Aim of the exercise: Beginning at the line that contains "Ssangyong Rexton: 2022", output each line exactly through the end of the records, and drop any pictures.

Data records:
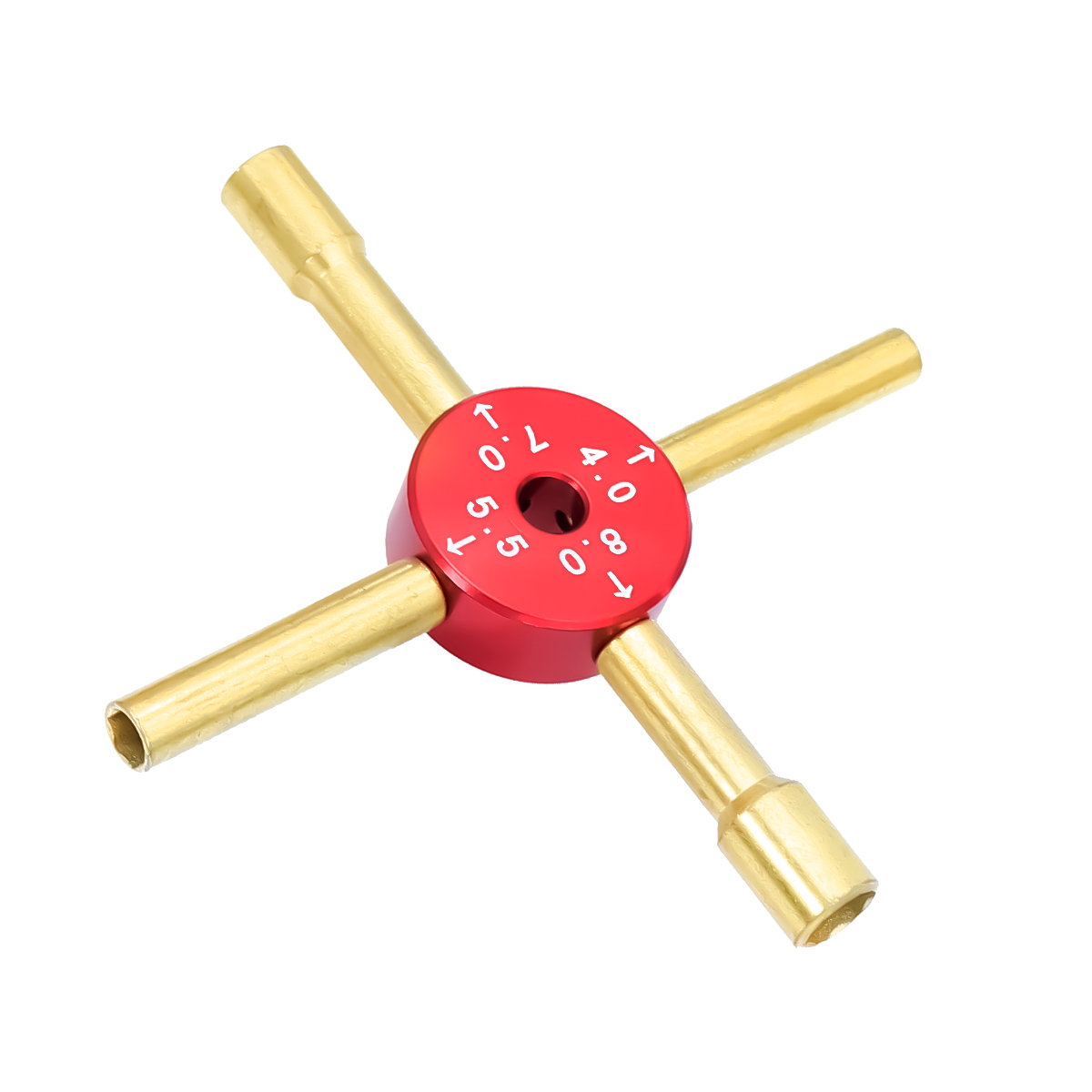 4 IN 1 Hex Socket Cross Wrench - Tamiya Model Paint Set recension och pris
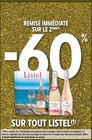 Intermarché Hyper Chauny - Promo -60% remise immédiate sur le 2ème sur tout LISTEL Promo -60% remise immédiate sur le 2ème sur tout LISTEL à dans le catalogue Intermarché Hyper à Chauny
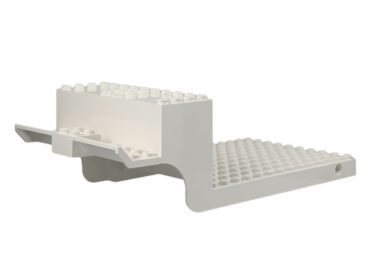 33202 - Vehicle, Base 10 x 21 x 5 1/3 Belville Horse Carriage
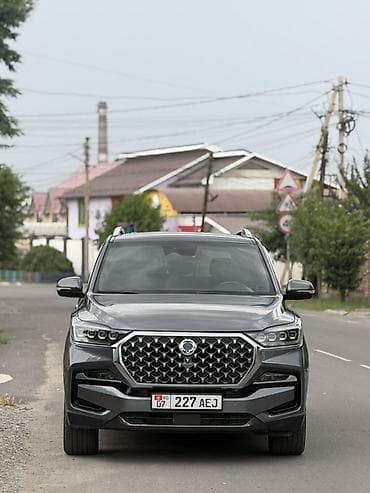 Ssangyong Rexton: 2022 г., 2.2 л, Автомат, Дизель, Внедорожник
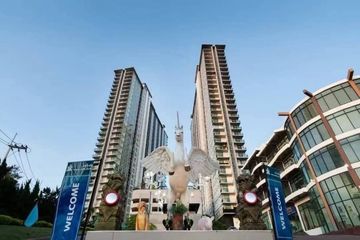 1 Bedroom Condo for sale in The Twin Tower Jomtien, Nong Prue, Chonburi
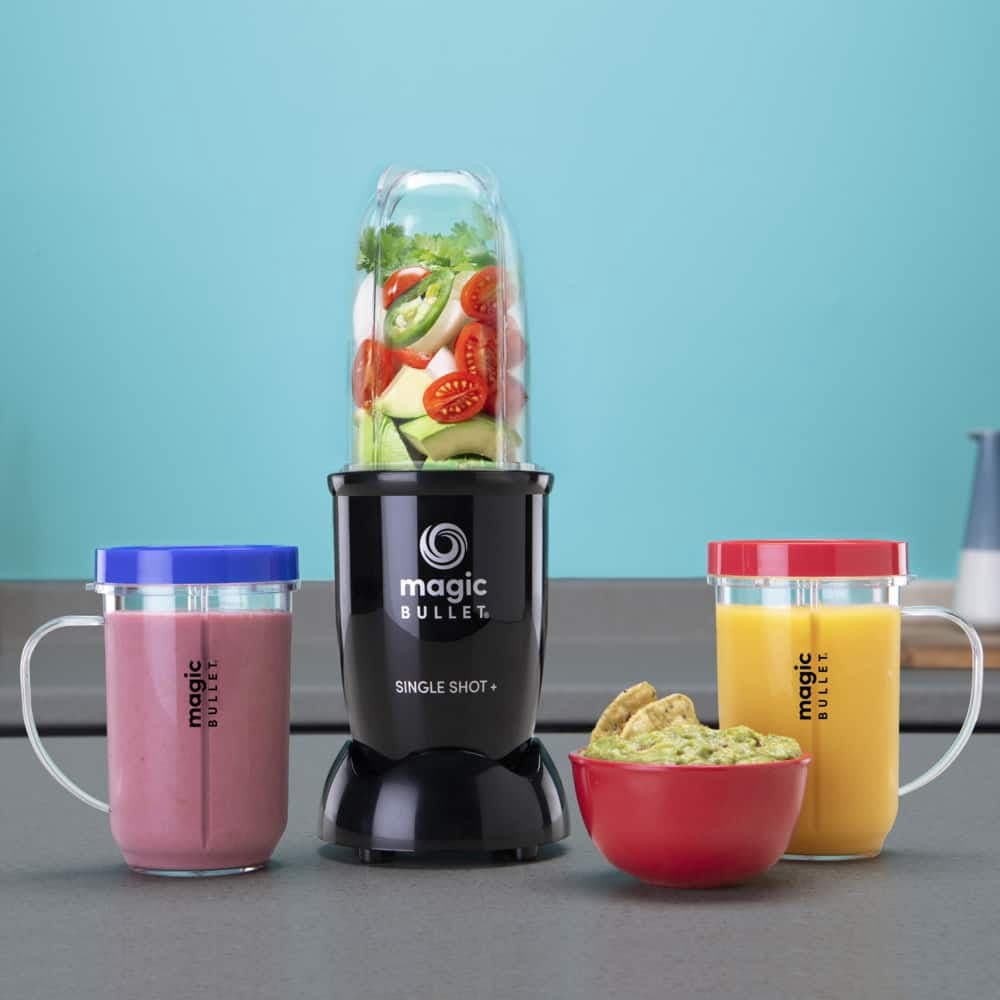 Magic Bullet Single Shot Blender, 12-pc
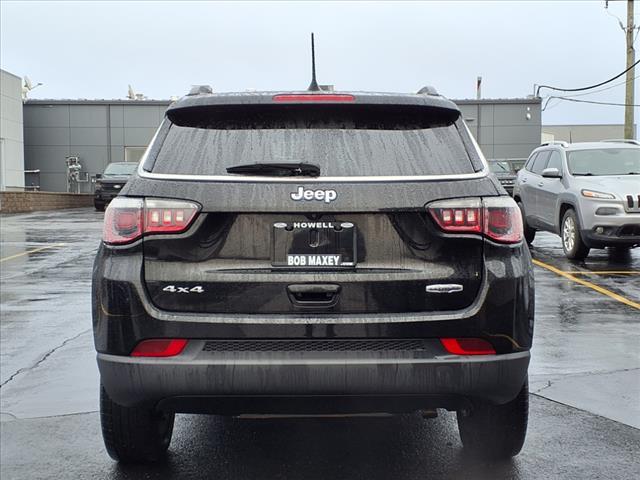 used 2018 Jeep Compass car, priced at $12,995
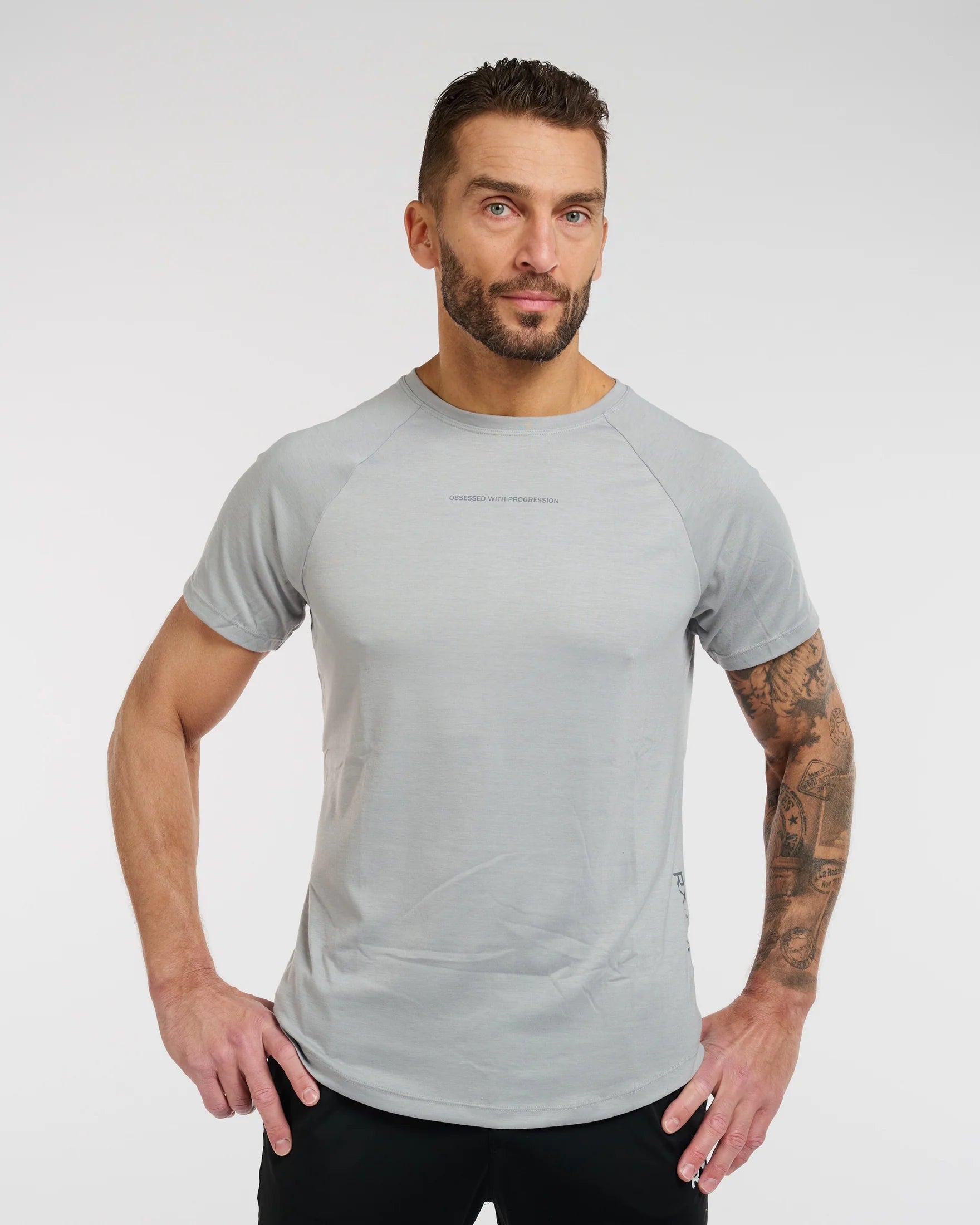 RX Performance Greatness T-Shirt Gray RX Performance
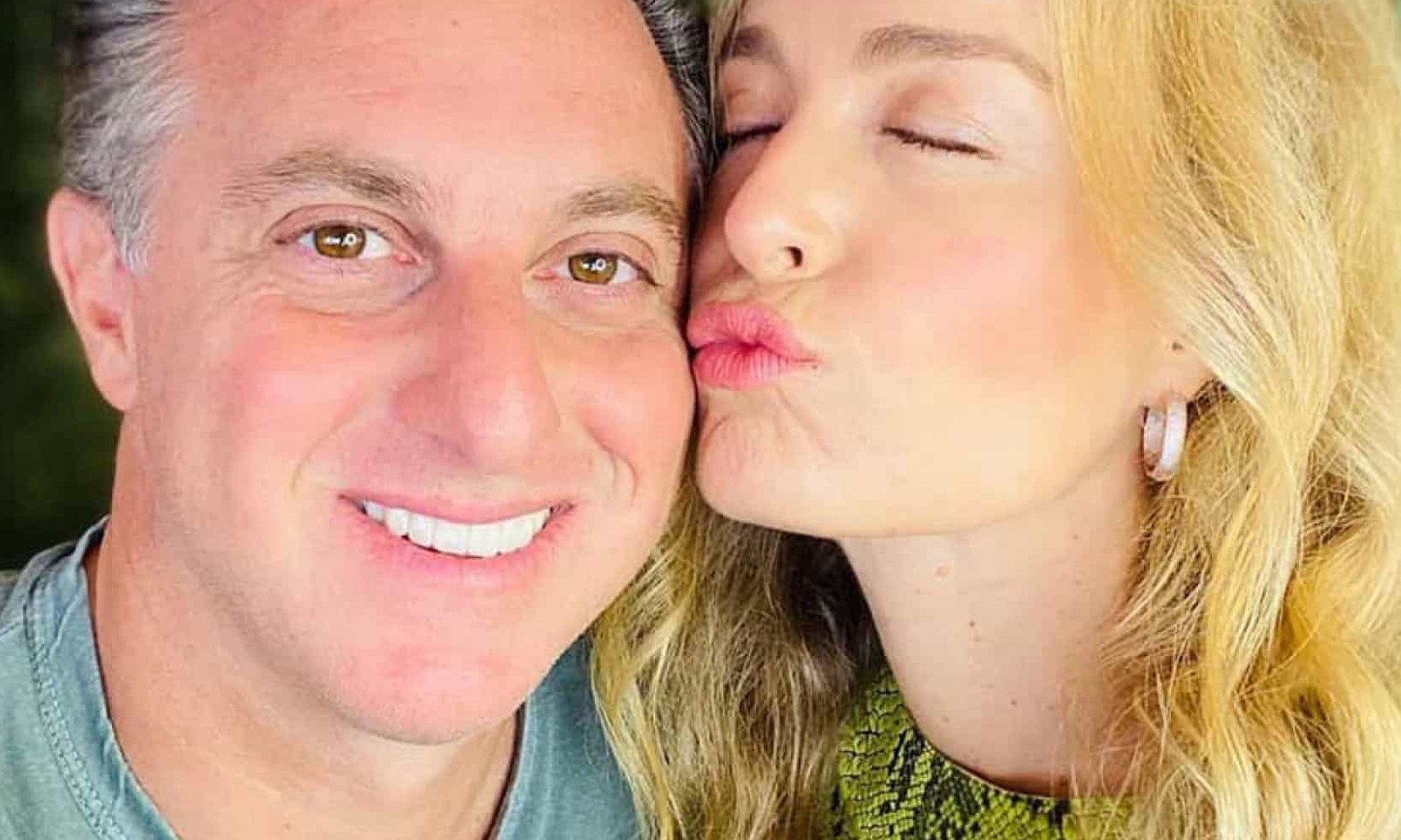 Luciano Huck revela que ele e Angélica são adeptos do sexo tântrico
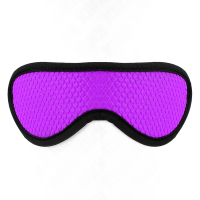 Venda Textura de Escala con Borde Covered Morado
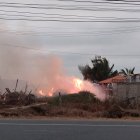 Imagen referencial. El incendio se provoco debido a que Bohórquez no pudo controlar la quema.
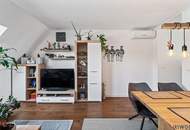 DG-Terrassen-Maisonette Wohnung mit Fernblick in saniertem Altbau | 4 Min. zur U3 Ottakring | 12 Min. in den 1. Bezirk
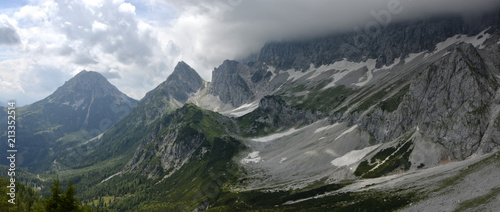 Dachstein panorama view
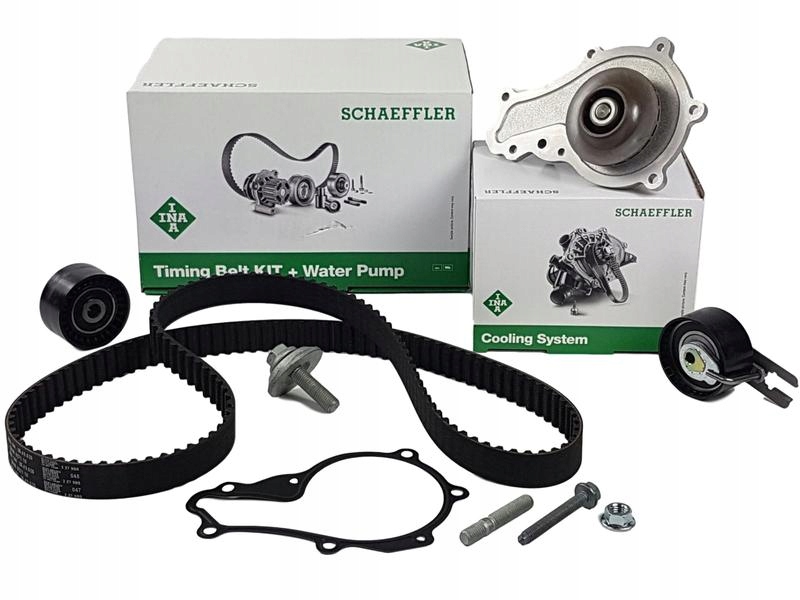 INA ROZRZĄD+POMPA CITROEN C1 C2 C3 NEMO 1.4 HDI Producent części Schaeffler INA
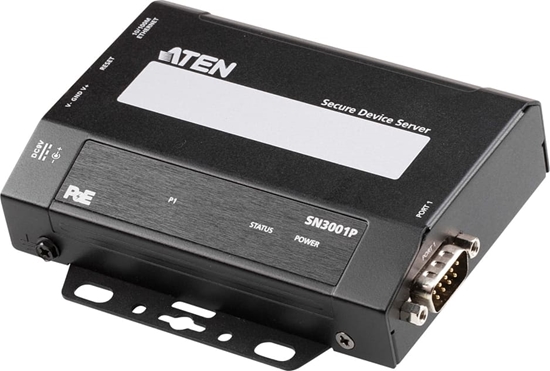 Picture of Aten SN3001P 1-Port RS-232 Secure Device Server PoE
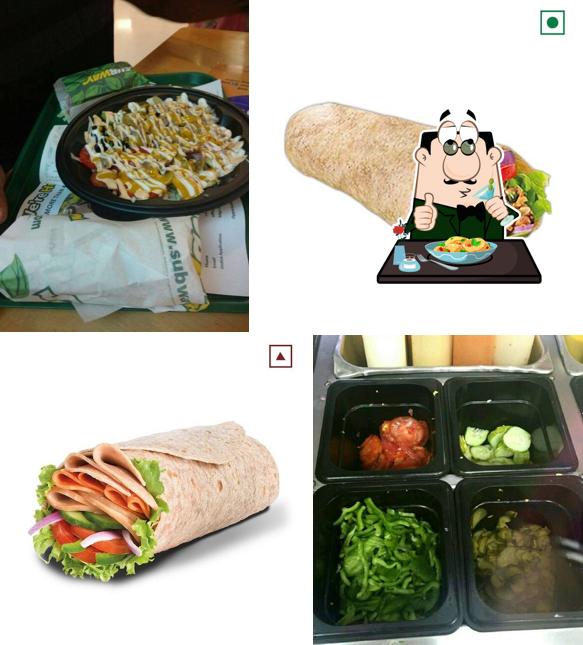Meals at Subway South City Mall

Answer area:
 Ssangyong Rexton: 2022 г., 2.2 л, Автомат, Дизель, Внедорожник
 1 Bedroom Condo for sale in The Twin Tower Jomtien, Nong Prue, Chonburi
 Magic Bullet Single Shot Blender, 12-pc
 used 2018 Jeep Compass car, priced at $12,995
 RX Performance Greatness T-Shirt Gray RX Performance
 Luciano Huck revela que ele e Angélica são adeptos do sexo tântrico
 Venda Textura de Escala con Borde Covered Morado
 Imagen referencial. El incendio se provoco debido a que Bohórquez no pudo controlar la quema.
 DG-Terrassen-Maisonette Wohnung mit Fernblick in saniertem Altbau | 4 Min. zur U3 Ottakring | 12 Min. in den 1. Bezirk
 Dachstein panorama view
 INA ROZRZĄD+POMPA CITROEN C1 C2 C3 NEMO 1.4 HDI Producent części Schaeffler INA
 Picture of Aten SN3001P 1-Port RS-232 Secure Device Server PoE
Meals at Subway South City Mall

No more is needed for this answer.